*Task directions:* Transcribe the listing that follows in full, exactly, and drop its images.
------ Records for the task ------
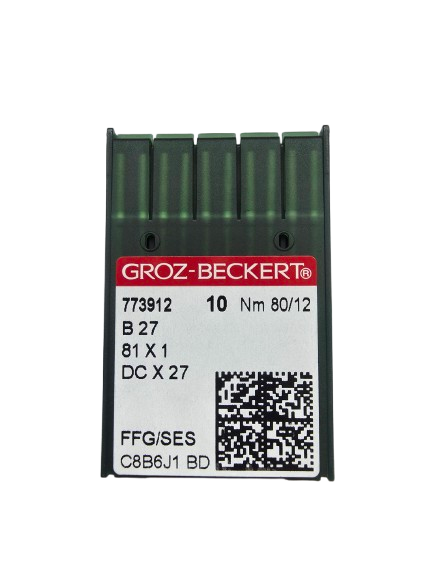 DCx27 SES NM80 (trikotažui) adatos pramoniniam overlokui Groz-Beckert (10 vnt.)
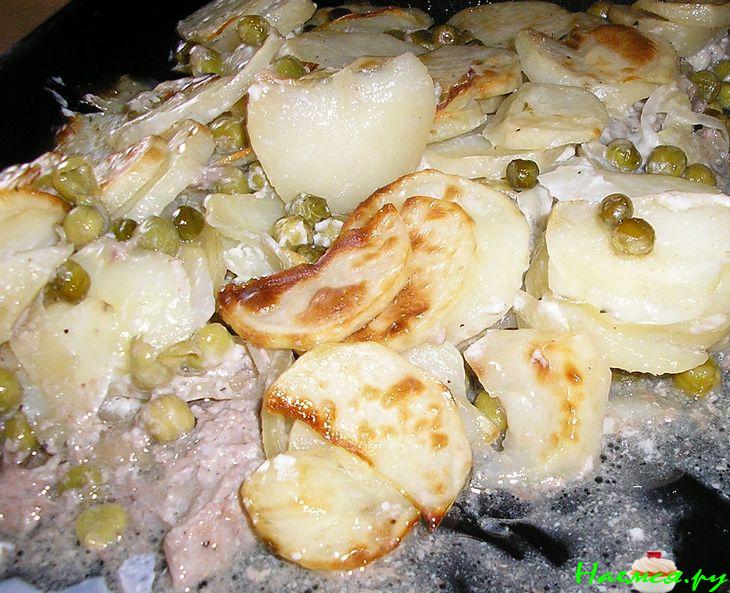 Мясо с зеленым горошком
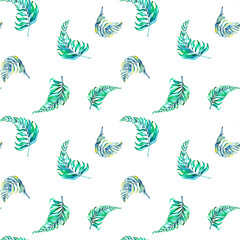 Exotic floral seamless pattern watercolor illustration on white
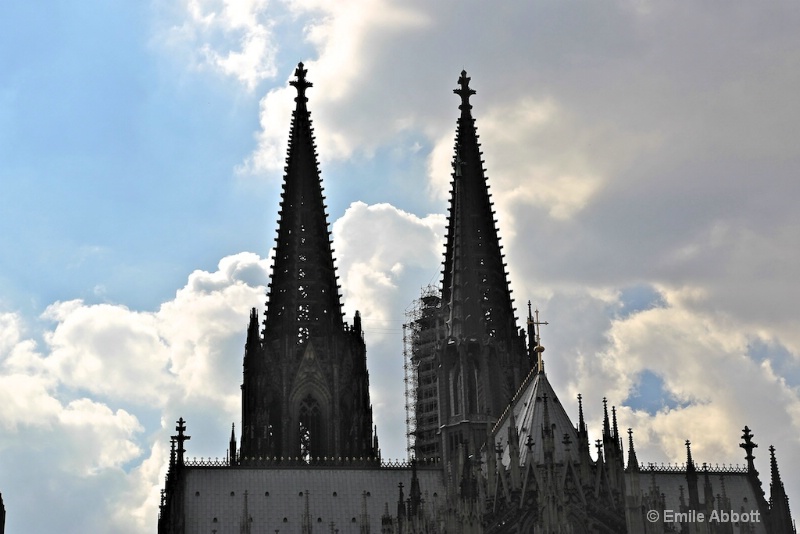 Tall twin spires of Cologne Cathedral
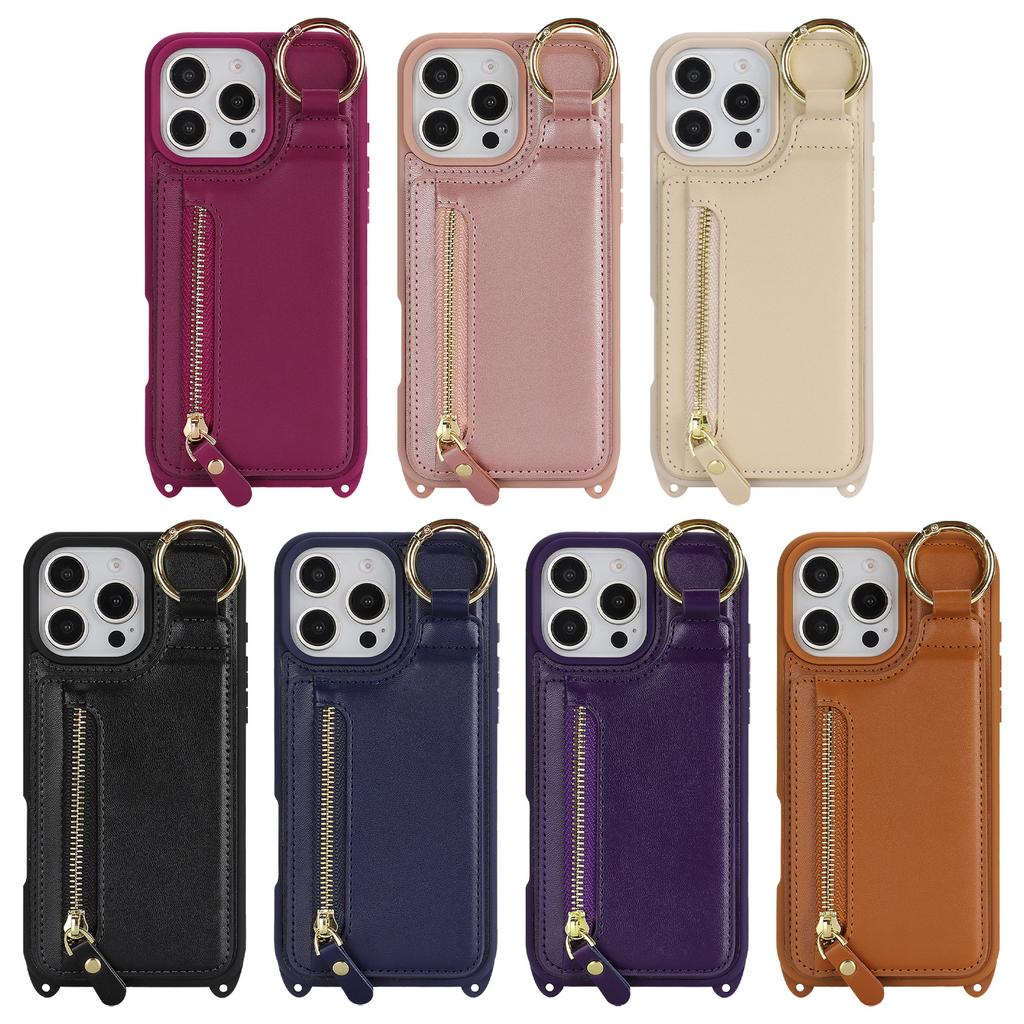 Applicable To iPhone16 Mobile Phone Case 16Pro Solid Color Zipper Change Bag Insert Card Ring Bracket Oblique Span Protective Case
------
*Solved problem:*
 DCx27 SES NM80 (trikotažui) adatos pramoniniam overlokui Groz-Beckert (10 vnt.)
 Мясо с зеленым горошком
 Exotic floral seamless pattern watercolor illustration on white
 Tall twin spires of Cologne Cathedral
 Applicable To iPhone16 Mobile Phone Case 16Pro Solid Color Zipper Change Bag Insert Card Ring Bracket Oblique Span Protective Case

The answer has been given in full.